$$K=\frac{B}{A-B} $$ $$A>B>0$$
Is it possible to prove mathematically that as I increase A and B (by different numbers), while keeping A>B, K will also increase? My thought is as we increase both A and B, A-B will get closer to 0, which will increase K.
On
let $f(x) = {1 \over x-1}$ and note that for $x>1$ that $f$ is decreasing.
You have $K = f({A \over B})$. Note that I can increase both $A,B$ (while maintaining $A > B$) and have the value of ${A \over B}$ increase or decrease. Hence $K$ can increase or decrease.
If ${A \over B}$ increases then $K$ will decrease.
On
We can use the total differential to check this :
$$K=\frac B {A-B}$$
$$dK = \frac {\partial K}{\partial A} dA + \frac{\partial K}{\partial B}dB$$
$$dK = \left(\frac {-B}{(A-B)^2}\right){}dA + \left( \frac 1{A-B} + \frac{B}{(A-B)^2}\right)dB$$
$$dK = \left({\frac {-B}{(A-B)^2}}\right){}dA + \left(\frac{A}{(A-B)^2}\right)dB$$
$$dK = \left( \frac 1 {(A-B)^2}\right)\left( -BdA+AdB \right)$$
So we have three possibilities :
$dK > 0$ This requires $AdB > BdA$
$dK=0$ This requires $AdB=BdA$
$dK < 0$ This requires $AdB < BdA$
My thought is as we increase both A and B, A-B will get closer to 0, which will increase K.
So this is not generally true. The effect will depend on the relative values of $A$, $B$ and the changes in those values. The condition $A>B$ does not change this.

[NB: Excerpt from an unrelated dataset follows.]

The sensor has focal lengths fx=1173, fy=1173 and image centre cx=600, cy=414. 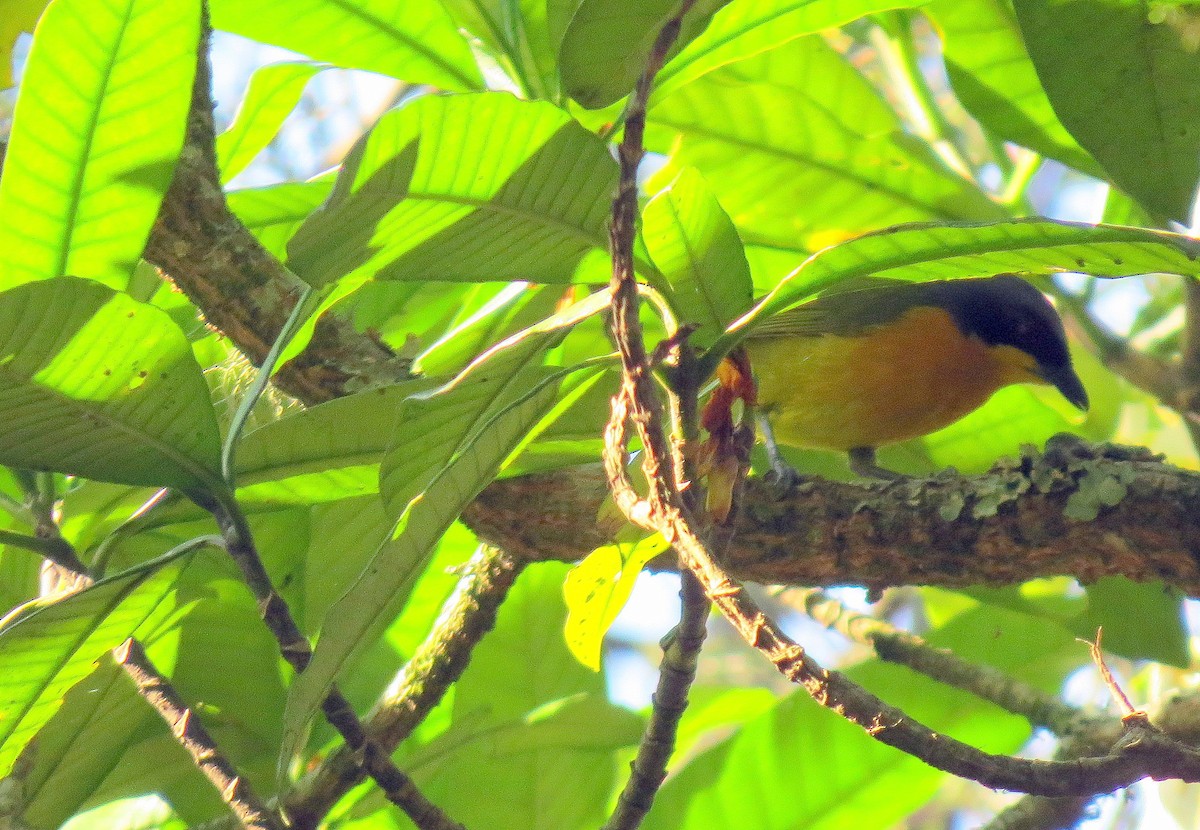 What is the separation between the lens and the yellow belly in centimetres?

$K$ needs not increase because you can take $A = 2B \implies K = \dfrac{1}{2}$ a constant. And to see $K$ could even be decreasing, you can take $A = B^2\implies K = \dfrac{B}{B^2-B} = \dfrac{1}{B-1}, B > 1$ clearly decreases as $B$ increases. And to show the possibility for $K$ to increase, simply take $A = B+1\implies K = B$ will increase with $B$.